(TASK REQUIREMENTS) Quote, word for word, only the lines running from the line with "Hester & Cook" through the end of the listing. Leave out the pictures.

(INFORMATION SUPPLIED)

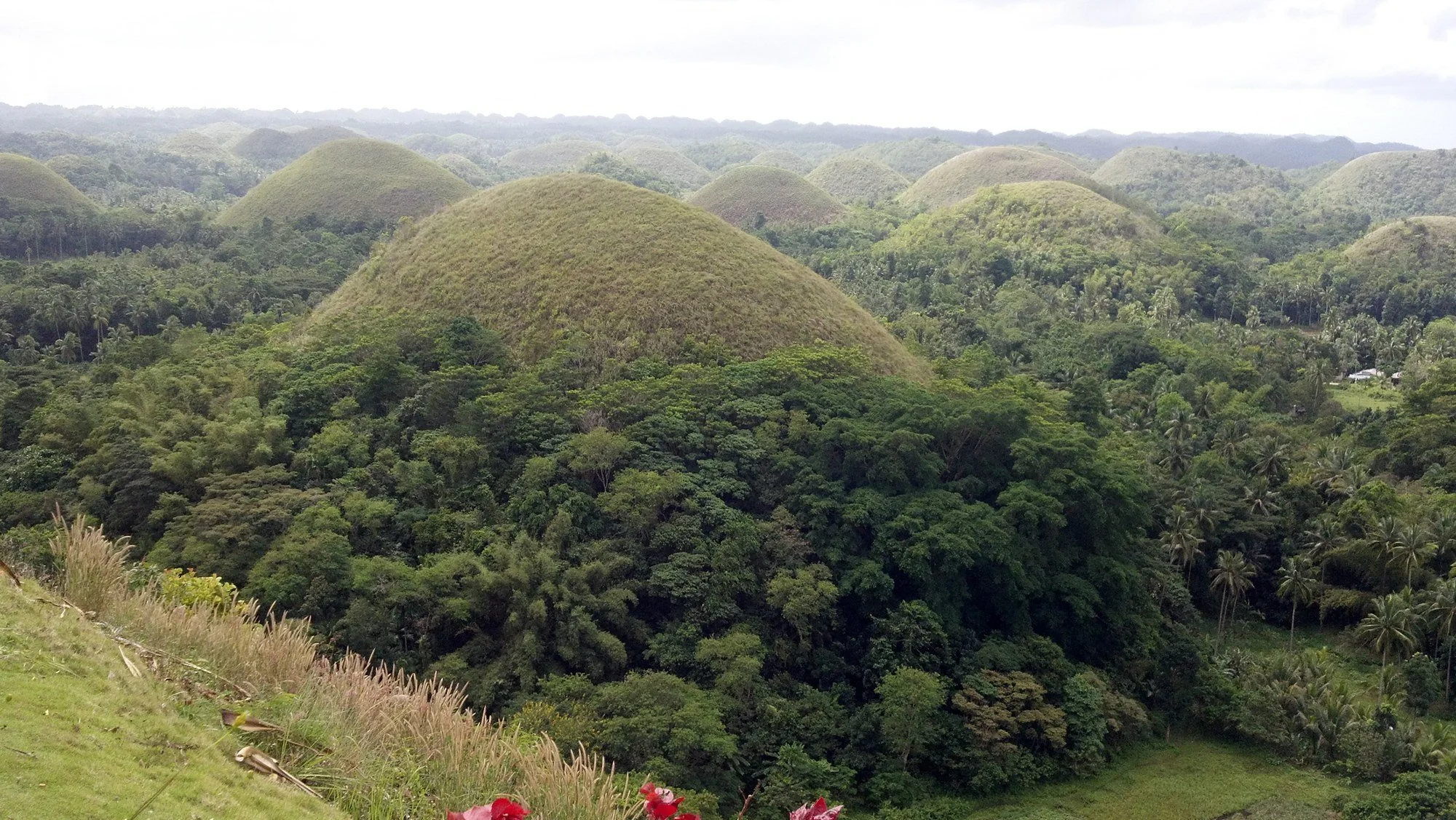 2011-11-23_10-35-44_257 · Chocolate Hills, Bohol, Philippines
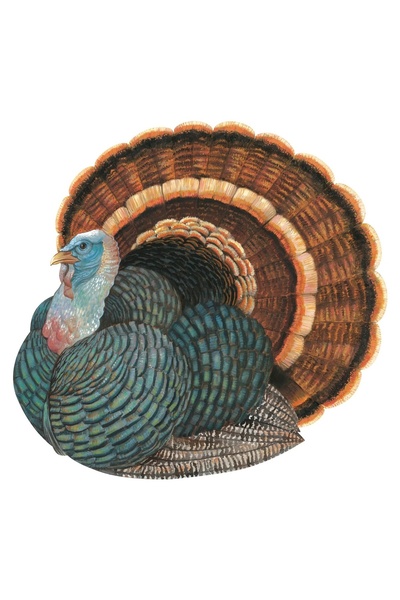 Hester & Cook Set de 12 foi de masă din hârtie cu model turcesc - 12 foi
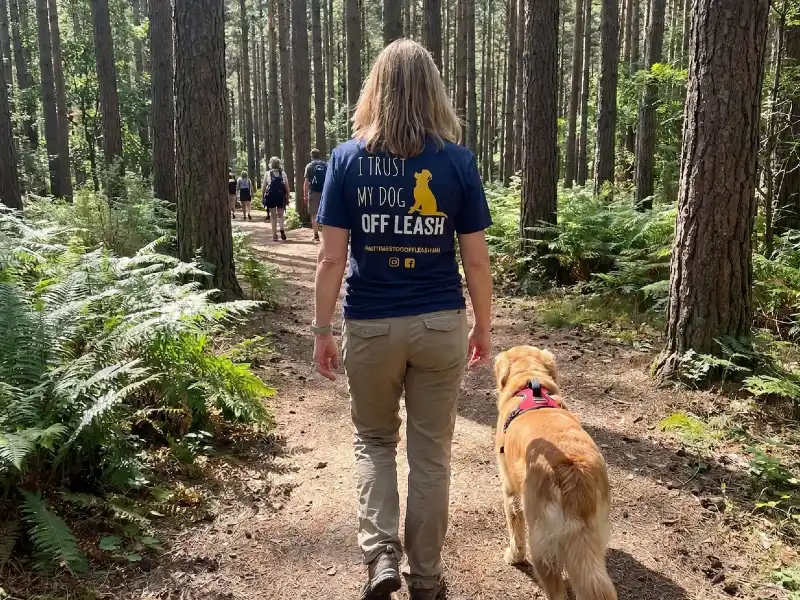 Well-trained puppy with owner after training program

(FINISHED EXERCISE)
 Hester & Cook Set de 12 foi de masă din hârtie cu model turcesc - 12 foi
 Well-trained puppy with owner after training program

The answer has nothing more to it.